Thursday’s report indicates that French immersion will continue, despite Premier Blaine Higgs’s frequent complaints that the program wasn’t graduating enough fluently bilingual students and was not available to all students in the province.

It calls for “greater flexibility” than the current Grade 1 and Grade 6 entry points, so that students moving to the province — or those moving from a school where immersion wasn’t offered to one where it is — can take up the program at any grade level.

More concrete details needed, say Liberals, Greens

Opposition leaders said the ideas sounded good but were too vague to put much faith in.

Both Liberal Leader Susan Holt and Green Leader David Coon said action on classroom composition has been promised before.

A woman stands in front of a CBC microphone. A man is smiling outside.
Both Liberal Leader Susan Holt, left, and Green Party Leader David Coon say while the report’s recommendations are good, they are light on details. (Jacques Poitras/CBC, Maria Burgos/CBC)

“We will be looking forward to hearing what that means tangibly, and whether they will deliver what looks like interesting bullets on a page,” Holt said.

Coon said that “so far I haven’t seen any concrete measures or recommendations about how you would do that.… 

“What we’re dealing with at this point is very high-level themes, for the most part.”

The report is the second by the steering committee.

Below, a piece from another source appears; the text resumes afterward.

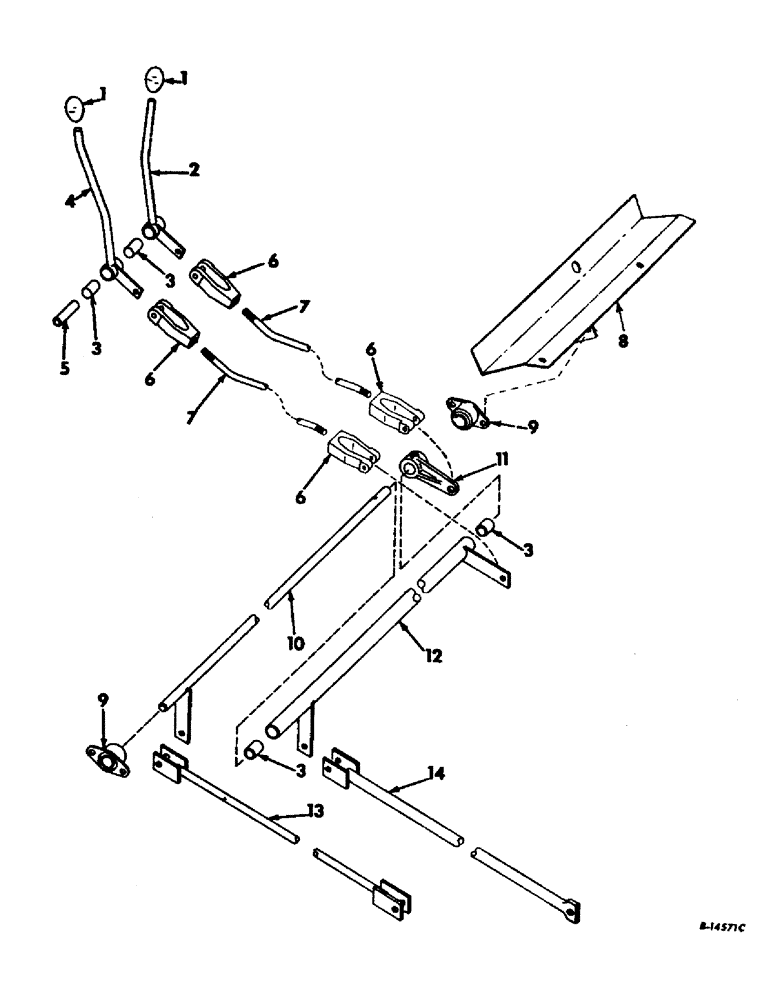Схема запчастей Case IH 915 - (H-10) - CONTROLS, FEEDER AND REEL LIFT CONTROL Controls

In July it issued shorter-term recommendations including the hiring of behavioural mentors and more literacy and numeracy teachers in kindergarten and elementary schools.

Hogan said Thursday those numbers have increased this year but he didn’t provide specifics.

Other recommendations in the new report include:

  • Developing a province-wide plan to address “chronic absenteeism” in schools.

  • Using technology to allow more personalized learning.

  • Adding 30 minutes of physical education per day to the school day from kindergarten to Grade 8.

  • Improving the recruitment and retention of qualified teachers and specialized health professionals such as psychologists, speech-language pathologists and occupational therapists in the school system.

  • Providing more training and professional development for educational assistants.

  • Helping teachers who teach reading at early grade levels get specific training to “maximize” the progress of those students.

  • Ensuring equal access to professional development for teachers in both English prime and immersion classrooms who teach students with extra challenges.